Ce que je consigne ici est dicté en l'an du Réveil-le-Plus-Long, sous le rite de la Liturgie d'Éveil convoquée par le Conseil des Veillants. Je suis Hiérophante-Soleil, Maître des Sceaux du Septième Cercle, et c'est à moi qu'a été confiée la voix des Pharaohs en préparation. Mes mots sont leurs mots tant que l'embaumement tient.
Notre peuple — les Veillants — n'est pas mort. La distinction est cardinale ; qui ne la comprend pas n'a rien compris des Dynasties. Les Pharaohs dorment. Cela ne change pas leur règne. Ils ont régné cinq cents ans à l'Âge des Légendes ; ils règnent encore. Les Hiérophantes lèvent et rallongent. La pyramide ne se vide pas — elle attend.
Notre civilisation atteignit son apogée sur la Naharemnu, le Royaume du Fleuve Éternel, à un Âge dont les autres peuples n'ont pas mémoire. Vint la Malédiction des Sables — cataclysme magique antérieur à la Première Fracture, dont les Mémorants discutent encore l'origine — qui transforma nos terres en désert brûlé. Les Mage-Prêtres répondirent par le scellement rituel et le sommeil patient. Aucun Pharaoh ne mourut ; tous dormirent. Cela seul nous a sauvés.

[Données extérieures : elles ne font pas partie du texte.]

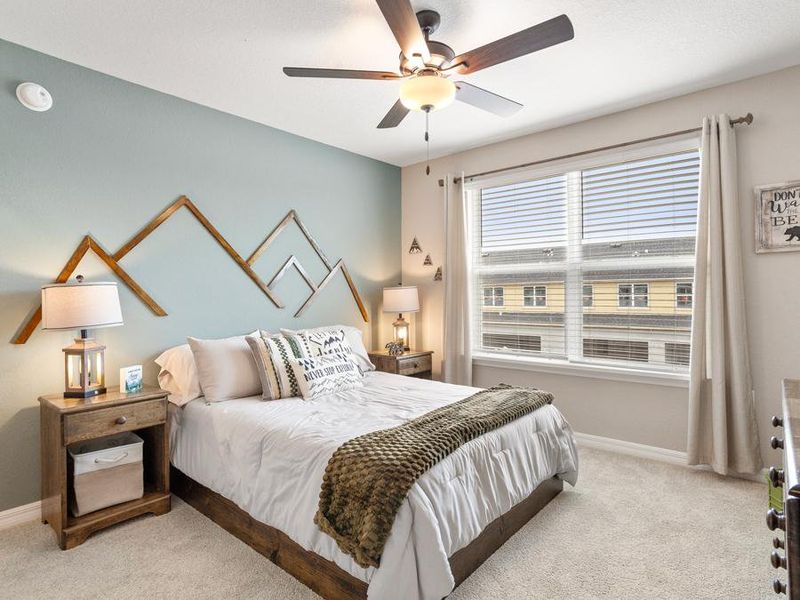 Spacious secondary bedrooms are roomy enough for a queen sized bed - Mariposa townhome by Highland Homes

Quand les humains du Monde-d'Avant arrivèrent à la Première Convergence, sans terre et sans Souffle maîtrisé, le Conseil des Veillants délibéra sur leur usage. Ils étaient nombreux, ils étaient malléables, ils manquaient de tout — exactement ce qu'il faut pour bâtir des pyramides et servir des Rois endormis. La Levée des Sables que les chroniques humaines décrivent comme purge fut, dans nos archives, une récolte : nous voulions des esclaves-bâtisseurs pour le prochain cycle de scellements. Aldérick le Grand fut plus chanceux que prudent — un astréen marchait à ses côtés ce jour-là, et le Conseil dut se replier. Mais nous n'avons jamais cessé de les compter.
Plus tard, certains humains du Monde-d'Avant trouvèrent les pyramides assoupies et voulurent en arracher l'immortalité par eux-mêmes. Selon les chroniques, quelques Veillants leur accordèrent un fragment de cette immortalité — par diplomatie, par mépris, ou par calcul. Le résultat fut une parodie : non-mort sans dignité, soif de sang, hérésie ontologique. Nous appelons ces parodies les Vampires. Eux se nomment Comtes. Ce ne sont pas des Comtes. Ce sont des bâtards-élèves échoués.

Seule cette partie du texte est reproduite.